### EXERCISE AIM
In the records below, the relevant part opens with the line containing "合法なので安心して着てください。" and closes with the line containing "Njemačka: Muškarac nožem"; print that part exactly and only, without its pictures.

### EXTRACTED RECORDS
####
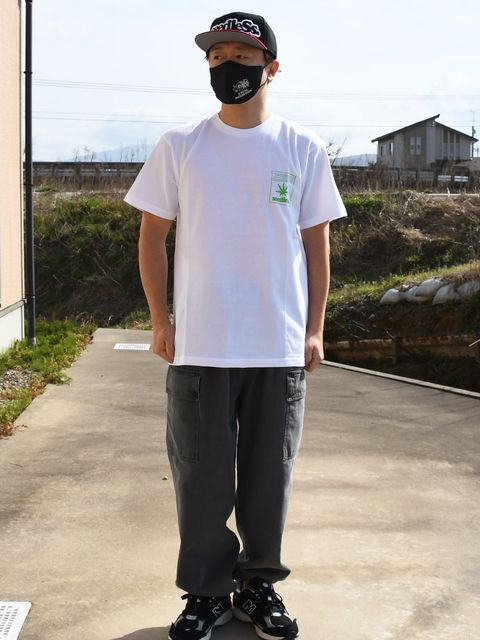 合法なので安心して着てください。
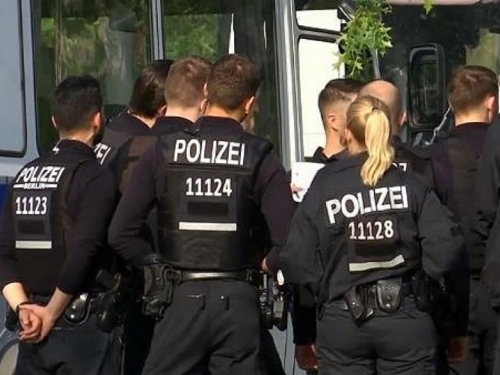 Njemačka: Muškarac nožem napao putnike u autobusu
####
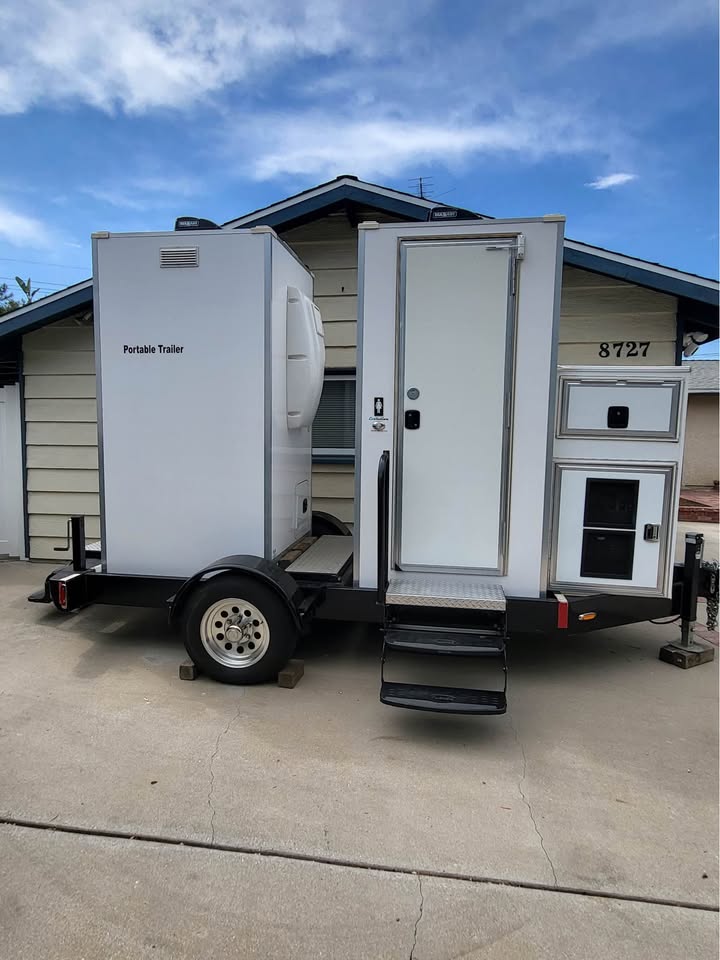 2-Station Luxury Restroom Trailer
####
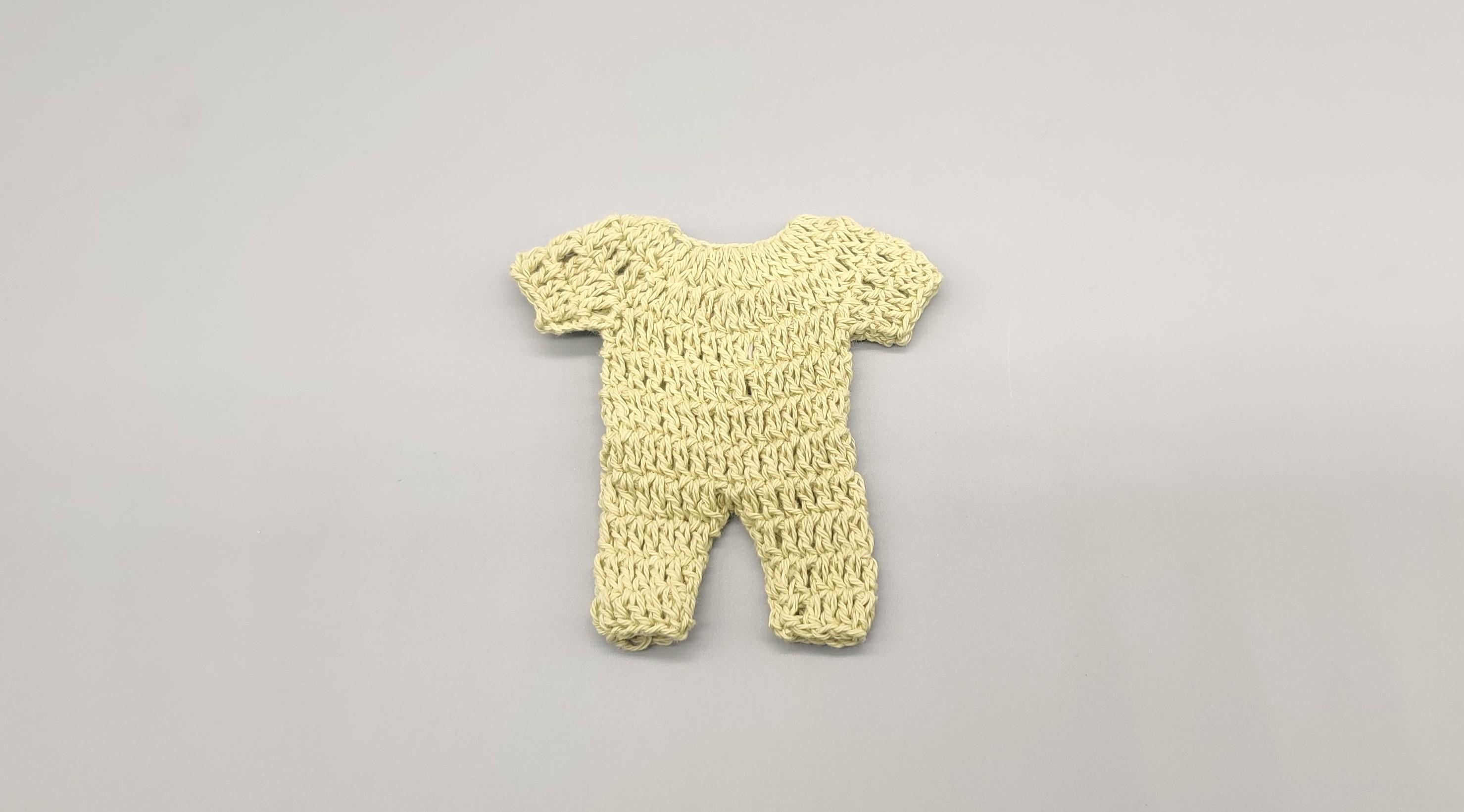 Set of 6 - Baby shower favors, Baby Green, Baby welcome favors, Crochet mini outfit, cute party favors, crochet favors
####
### ANSWER FOR THIS EXERCISE
 合法なので安心して着てください。
 Njemačka: Muškarac nožem napao putnike u autobusu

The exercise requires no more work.